■フェイズ:02 「東洋の雄:緩やかな拡大」

 一方、ヨーロッパ以外の世界はどうだったのだろうか。
 この場合19世紀に入るまでの世界とは、ユーラシア大陸、アフリカ大陸のサハラ砂漠以北の事を主に指す。
 ヨーロッパ世界、イスラム世界以外の世界といえば、主なところはインド世界、中華世界の二つになる。周辺部に細かな国や地域が幾つも存在するが、文化、文明の源泉と中心地は、インドと中華になるだろう。何しろ四大文明発祥の地だ。しかもこの二つの地域は、人類史上常に最大級の人口包容地帯であり、近代に至るまでは、中華とインドだけで世界総人口の半分以上を常に占めることになる。中華やインドと比べると、イスラムはともかくヨーロッパなど人口過疎の田舎世界でしかなかった。
 そしてその二つの地域では、悠久の歴史の中で巨大な帝国が何度も興亡を繰り返していた。
 インドでは、16世紀頃からイスラム教国家のムガール帝国が隆盛し、18世紀初頭にアウラングゼーブ帝のもとで最盛期を迎える。しかしヒンズー教徒が最大勢力を占めるインド地域で、イスラム教国家が全土を統一する事は難しかった。とはいえヒンズー教では大規模な統一国家を作るには結束力や組織力に乏しく、他の勢力が大きく台頭するという事もなかった。またこれといった外敵も出現しないため、以後長らくは少しばかり混沌とした中でムガール帝国は静かに衰退と滅亡へと向かい、インド全体が中小の藩王国による合従連合という形に徐々に形成されていく事になる。
 そしてマラータ同盟というヒンズー教を信奉する藩王国による合従連合と、ムガール帝国やマイソール王国と言ったイスラム系国家による泥沼の戦いが18世紀頃からインド全域で断続的に続くことになる。数百年にわたるイスラムの支配が、本来なら国家や民族と言った方向性の弱いヒンズー教に一定の変化をもたらした結果だった。このため、「印度戦国時代」と言われることもある。

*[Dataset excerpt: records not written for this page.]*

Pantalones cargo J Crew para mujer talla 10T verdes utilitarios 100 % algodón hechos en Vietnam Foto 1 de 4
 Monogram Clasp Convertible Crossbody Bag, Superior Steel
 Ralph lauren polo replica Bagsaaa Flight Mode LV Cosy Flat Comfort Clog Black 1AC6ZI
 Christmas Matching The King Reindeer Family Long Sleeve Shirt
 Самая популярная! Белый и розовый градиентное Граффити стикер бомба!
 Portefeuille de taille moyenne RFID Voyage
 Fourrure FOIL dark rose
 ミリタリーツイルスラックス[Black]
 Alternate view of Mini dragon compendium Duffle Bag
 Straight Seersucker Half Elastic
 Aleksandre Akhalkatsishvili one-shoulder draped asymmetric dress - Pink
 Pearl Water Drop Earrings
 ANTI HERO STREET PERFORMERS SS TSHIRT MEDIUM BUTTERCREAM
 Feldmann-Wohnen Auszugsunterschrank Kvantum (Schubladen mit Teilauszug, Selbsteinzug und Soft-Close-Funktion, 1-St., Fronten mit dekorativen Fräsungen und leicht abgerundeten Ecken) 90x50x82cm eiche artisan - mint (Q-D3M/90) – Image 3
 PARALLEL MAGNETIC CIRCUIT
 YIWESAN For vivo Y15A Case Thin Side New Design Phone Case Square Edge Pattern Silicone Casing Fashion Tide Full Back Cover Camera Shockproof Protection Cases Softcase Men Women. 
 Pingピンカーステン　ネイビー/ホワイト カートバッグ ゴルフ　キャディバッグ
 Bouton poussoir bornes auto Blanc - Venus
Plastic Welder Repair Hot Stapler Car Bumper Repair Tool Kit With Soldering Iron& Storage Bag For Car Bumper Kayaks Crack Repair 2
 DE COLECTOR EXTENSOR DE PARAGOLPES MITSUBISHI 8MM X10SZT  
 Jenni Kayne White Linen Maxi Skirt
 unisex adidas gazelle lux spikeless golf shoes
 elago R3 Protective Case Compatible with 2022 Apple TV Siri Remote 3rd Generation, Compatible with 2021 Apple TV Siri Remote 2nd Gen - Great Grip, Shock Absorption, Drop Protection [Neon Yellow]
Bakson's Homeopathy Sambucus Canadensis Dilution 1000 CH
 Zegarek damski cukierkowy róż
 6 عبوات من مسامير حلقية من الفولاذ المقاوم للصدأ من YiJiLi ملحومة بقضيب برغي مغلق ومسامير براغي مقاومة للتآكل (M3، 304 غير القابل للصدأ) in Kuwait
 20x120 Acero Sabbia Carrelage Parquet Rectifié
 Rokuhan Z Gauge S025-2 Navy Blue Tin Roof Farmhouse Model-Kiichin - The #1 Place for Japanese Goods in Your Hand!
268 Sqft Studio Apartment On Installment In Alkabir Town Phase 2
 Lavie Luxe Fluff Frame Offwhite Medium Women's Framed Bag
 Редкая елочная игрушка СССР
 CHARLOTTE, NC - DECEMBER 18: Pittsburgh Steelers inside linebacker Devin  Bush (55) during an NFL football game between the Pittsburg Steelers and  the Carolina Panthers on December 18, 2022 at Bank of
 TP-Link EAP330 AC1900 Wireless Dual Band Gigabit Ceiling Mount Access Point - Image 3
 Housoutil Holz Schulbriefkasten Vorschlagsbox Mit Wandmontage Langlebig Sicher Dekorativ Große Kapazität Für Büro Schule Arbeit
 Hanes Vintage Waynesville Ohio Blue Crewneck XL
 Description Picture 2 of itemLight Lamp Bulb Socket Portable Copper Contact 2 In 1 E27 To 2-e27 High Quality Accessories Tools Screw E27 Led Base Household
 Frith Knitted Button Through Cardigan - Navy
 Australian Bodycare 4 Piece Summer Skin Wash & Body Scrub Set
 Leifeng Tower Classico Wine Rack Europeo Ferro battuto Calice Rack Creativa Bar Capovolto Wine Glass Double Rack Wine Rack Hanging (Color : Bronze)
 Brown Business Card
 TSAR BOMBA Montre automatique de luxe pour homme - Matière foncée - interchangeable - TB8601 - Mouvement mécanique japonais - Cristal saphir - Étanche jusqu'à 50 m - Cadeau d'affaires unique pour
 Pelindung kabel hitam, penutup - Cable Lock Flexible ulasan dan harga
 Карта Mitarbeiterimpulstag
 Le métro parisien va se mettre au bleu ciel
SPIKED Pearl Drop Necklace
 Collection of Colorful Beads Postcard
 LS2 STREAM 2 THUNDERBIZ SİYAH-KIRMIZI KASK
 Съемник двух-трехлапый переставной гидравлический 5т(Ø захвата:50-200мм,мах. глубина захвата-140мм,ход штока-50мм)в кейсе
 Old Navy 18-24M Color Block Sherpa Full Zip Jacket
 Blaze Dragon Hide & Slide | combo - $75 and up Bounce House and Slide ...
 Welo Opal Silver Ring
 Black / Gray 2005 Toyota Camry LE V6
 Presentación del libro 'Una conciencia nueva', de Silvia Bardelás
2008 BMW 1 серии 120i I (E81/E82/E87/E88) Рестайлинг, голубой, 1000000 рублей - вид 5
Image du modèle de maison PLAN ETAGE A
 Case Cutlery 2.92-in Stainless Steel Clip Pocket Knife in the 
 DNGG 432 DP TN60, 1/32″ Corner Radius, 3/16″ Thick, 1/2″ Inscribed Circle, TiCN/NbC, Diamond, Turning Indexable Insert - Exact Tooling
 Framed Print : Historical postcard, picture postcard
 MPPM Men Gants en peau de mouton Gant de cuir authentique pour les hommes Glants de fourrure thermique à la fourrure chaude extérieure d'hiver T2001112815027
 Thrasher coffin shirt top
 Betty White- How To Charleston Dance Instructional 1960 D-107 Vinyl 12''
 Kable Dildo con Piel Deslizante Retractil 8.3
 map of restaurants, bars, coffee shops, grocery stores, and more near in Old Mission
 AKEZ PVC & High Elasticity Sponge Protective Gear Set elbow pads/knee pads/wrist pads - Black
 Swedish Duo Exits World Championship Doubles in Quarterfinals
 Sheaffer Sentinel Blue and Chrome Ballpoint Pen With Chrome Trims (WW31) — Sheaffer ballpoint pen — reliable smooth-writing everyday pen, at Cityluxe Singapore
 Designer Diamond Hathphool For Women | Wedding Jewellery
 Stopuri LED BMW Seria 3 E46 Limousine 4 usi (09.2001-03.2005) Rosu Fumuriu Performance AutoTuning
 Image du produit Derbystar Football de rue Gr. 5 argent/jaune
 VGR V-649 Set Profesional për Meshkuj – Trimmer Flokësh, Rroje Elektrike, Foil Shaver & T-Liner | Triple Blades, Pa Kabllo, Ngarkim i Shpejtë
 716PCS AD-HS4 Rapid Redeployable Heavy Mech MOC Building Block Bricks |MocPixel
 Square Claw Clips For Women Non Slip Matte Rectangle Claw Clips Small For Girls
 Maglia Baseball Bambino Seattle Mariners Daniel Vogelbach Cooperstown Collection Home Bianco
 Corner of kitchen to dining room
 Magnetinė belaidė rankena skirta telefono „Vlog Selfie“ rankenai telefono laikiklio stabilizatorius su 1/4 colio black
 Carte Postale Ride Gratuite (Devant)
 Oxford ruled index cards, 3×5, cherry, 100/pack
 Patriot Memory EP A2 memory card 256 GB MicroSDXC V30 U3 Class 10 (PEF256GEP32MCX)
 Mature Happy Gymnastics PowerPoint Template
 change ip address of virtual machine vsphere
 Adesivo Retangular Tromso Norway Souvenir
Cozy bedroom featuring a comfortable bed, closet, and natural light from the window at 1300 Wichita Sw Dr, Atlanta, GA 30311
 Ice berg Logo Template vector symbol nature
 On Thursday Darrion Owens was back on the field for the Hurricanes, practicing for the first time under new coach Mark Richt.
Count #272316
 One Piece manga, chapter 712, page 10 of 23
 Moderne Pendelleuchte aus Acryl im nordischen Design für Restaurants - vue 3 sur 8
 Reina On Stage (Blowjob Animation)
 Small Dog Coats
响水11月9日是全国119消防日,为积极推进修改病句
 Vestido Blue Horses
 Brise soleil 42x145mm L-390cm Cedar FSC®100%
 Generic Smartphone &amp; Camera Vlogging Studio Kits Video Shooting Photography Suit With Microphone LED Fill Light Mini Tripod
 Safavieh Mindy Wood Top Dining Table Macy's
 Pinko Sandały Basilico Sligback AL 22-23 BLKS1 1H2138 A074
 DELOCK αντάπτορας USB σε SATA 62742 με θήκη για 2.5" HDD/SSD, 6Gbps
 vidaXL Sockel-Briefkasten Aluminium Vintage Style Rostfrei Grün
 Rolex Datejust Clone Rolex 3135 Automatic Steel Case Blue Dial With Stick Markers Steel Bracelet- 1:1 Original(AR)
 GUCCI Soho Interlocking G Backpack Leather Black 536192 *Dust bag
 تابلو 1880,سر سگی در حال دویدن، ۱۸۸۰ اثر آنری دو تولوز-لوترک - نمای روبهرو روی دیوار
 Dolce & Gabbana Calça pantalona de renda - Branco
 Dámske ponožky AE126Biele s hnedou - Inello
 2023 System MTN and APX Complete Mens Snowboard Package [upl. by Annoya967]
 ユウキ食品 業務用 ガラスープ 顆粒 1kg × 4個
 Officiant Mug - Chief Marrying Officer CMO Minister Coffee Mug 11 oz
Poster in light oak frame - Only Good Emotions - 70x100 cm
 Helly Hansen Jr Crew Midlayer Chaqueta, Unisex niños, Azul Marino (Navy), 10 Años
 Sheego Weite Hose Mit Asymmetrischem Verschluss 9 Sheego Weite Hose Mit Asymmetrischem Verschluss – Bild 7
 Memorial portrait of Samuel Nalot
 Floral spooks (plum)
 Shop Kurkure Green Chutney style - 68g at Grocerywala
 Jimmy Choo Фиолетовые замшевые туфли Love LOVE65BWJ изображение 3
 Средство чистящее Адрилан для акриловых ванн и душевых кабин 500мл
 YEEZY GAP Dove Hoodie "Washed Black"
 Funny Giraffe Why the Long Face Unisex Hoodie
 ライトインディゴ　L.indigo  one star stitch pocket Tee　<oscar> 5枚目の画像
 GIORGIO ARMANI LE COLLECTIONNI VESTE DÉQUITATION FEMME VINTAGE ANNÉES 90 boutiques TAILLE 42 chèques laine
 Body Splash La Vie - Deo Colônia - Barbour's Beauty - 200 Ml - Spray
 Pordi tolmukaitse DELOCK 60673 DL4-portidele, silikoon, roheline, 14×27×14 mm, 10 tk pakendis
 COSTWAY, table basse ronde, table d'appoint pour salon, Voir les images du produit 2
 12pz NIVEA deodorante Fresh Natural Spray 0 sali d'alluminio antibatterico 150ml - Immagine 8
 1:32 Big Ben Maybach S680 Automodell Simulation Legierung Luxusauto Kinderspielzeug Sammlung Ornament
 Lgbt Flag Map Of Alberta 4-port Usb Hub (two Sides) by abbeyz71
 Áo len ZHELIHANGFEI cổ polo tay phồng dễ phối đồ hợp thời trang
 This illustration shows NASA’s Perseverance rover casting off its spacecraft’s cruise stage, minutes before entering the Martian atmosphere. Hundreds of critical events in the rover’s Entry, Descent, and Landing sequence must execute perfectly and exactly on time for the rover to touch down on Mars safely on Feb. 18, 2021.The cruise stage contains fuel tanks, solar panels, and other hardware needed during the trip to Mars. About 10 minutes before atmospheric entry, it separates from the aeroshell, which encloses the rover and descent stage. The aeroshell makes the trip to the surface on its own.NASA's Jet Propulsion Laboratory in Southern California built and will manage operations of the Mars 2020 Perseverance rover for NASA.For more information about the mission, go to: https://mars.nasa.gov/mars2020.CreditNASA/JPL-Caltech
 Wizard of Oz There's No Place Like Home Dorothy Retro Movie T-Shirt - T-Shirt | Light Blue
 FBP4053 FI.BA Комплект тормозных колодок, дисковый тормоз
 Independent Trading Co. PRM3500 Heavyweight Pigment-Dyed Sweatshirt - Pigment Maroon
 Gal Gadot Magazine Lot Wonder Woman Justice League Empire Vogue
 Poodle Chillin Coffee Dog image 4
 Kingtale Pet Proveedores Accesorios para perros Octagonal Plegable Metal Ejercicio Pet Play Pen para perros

 一方中華だが、この地域では戦乱期を除いて、常に巨大な帝国が実力相応の巨大な集権国家を形成してきた。中華中心部は、平地が多く国や民族を分けるような地形障害が少ないため、一カ所の中心地から統治する中央集権国家が比較的作りやすかったためだ。とはいえ、巨大な国家の建設と統治は非常に難しく、数千年の歴史上でも数えるほどしか巨大国家は存在していなかった。
 この当時は、「大元国」の支配を打破した「明王朝」が、15世紀頃から続いていた。しかしこの大王朝も、中華域内の統治に国力の殆どを取られたため、王朝初期を除いて本格的な海外進出には至らなかった。15世紀初頭には、世界に先駆けて海外への飛躍を行おうとしたのだが、皇帝が代わると政策そのものが国家によって否定されていた。そしてその後は、中華世界の伝統と言える人口増加と、それに伴う飢饉と社会不安の増加に伴って緩やかに衰退していった。
 そして西暦1645年、俄に勃興した「清朝」の前に「明朝」は呆気なく滅亡させられた。北の騎馬民族である清朝軍に対して、オスマン朝で発展した前方投射型の優れた火薬兵器があれば状況は違ったかもしれないと言われるが、この当時同様の兵器はオスマン朝とその周辺部でしかまだ使われておらず、東アジアの歴史を変える要素とはなり得なかった。中華世界にも火薬兵器(大砲)はあったが、技術的革新が行われていないため戦局を変化させるほどの力は持たないままだった。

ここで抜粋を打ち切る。